Gli è successo, incidentalmente, di diventare un mediano polmonare, di
concentrarsi cioè ossessivamente sull'andare su e giù. Non è che non voglia fare il
geometra, Daniele: è solo che non vuole fare il geometra per forza.
In realtà Daniele non è un sentimentale.
è anzi un discreto stronzo e se
ne compiace. Se in campo non parla, in classe non è il ragazzino impacciato
davanti ai professori che lo correggono; risponde spesso di traverso e quando
può prende per il culo i più disadattati. A cosa si giochi, nelle ore di
ginnastica, è superfluo domandarselo: intanto perché al geometra sono tutti
maschi; in secondo luogo perché Daniele, democraticamente, impone a tutti la
sua politica. Certo non ama studiare: riversa tutto il suo odio su quella di
diritto, un'aristocratica venticinquenne che ha avuto una supplenza annuale nel
bunker urbaniese e che presto
diventerà avvocatessa. La odia, perché ha proposto di non fargli passare
l'anno. Daniele è venuto a saperlo dalla madre, dopo i colloqui di metà
quadrimestre. “Signora Zoratto”
si è sentita dire la madre dal corpo docenti “non ci è chiaro se il ragazzo non si applichi o sia un po', come dire,
limitato nell'apprendimento. Soprattutto,
signora, il problema è che il ragazzo a volte è molto sgarbato”. Mamma
Zoratto ne soffre, perché vorrebbe che il figlio si togliesse da sotto le
unghie quella terra che per generazioni ha sporcato le mani di tutta la loro
famiglia e li ha costretti ad emigrare in Lussemburgo, dove Daniele, peraltro,
è pure nato. In realtà Mamma Zoratto soffre più per lo “sgarbato”, ma quando
torna e s’incazza la butta prevalentemente sul discorso dei voti. Teme che dovrà
rassegnarsi molto presto: Daniele, il tempo per fare i pallosissimi compiti di
diritto, non ce l’ha. Come tutti i quindicenni molto forti a pallone.

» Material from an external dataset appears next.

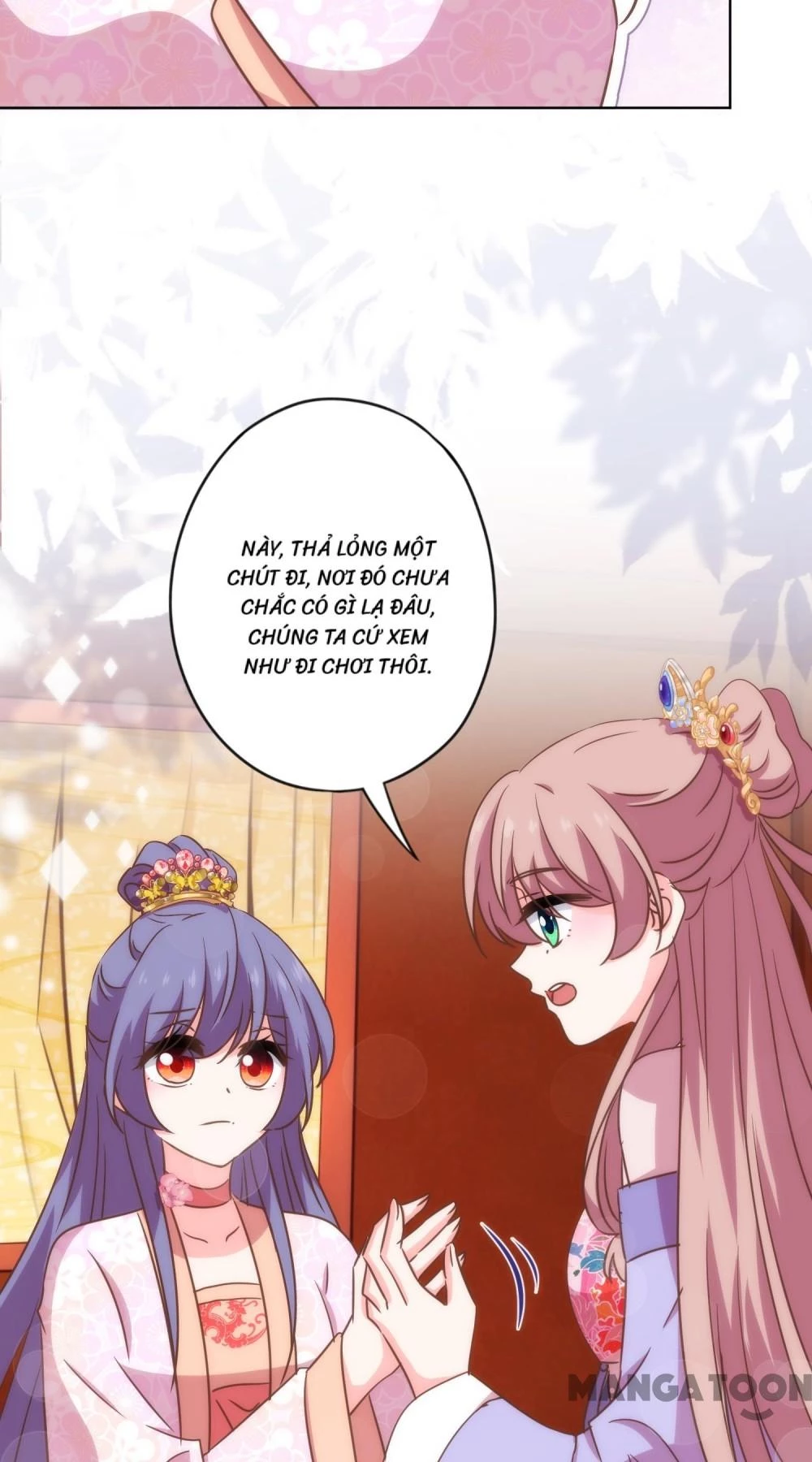 Ồ, Sủng Phi Đại Nhân Của Ta Chapter 312 - Trang 2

Daniele si allena quattro volte a
settimana, il sabato ha la partita e ogni tanto lo mandano nell'under. Se
rimane almeno un altro anno a Piobbico lo porteranno in prima squadra, nei
dilettanti. Potrà fare qualche presenza, avrà centomila lire al mese e si vedrà
messo alla prova in una categoria già importante. Vedrè che quest’ maché i
dilettanti li magna, dicono i piobbichesi classe millenovecentodieci che
passano i pomeriggi a vedere gli allievi di quello strano capitano, arrogante
ma muto, che non segna nemmeno per sbaglio. Hanno vinto tutti gli incontri
casalinghi del girone d'andata. Hanno umiliato il Fermignano, ne hanno dati due
all'Urbania e hanno beffato l'Urbino al 79'. Nel derby con l'Apecchio
Daniele ha notato dei movimenti dalle sue parti, si è sentito osservato.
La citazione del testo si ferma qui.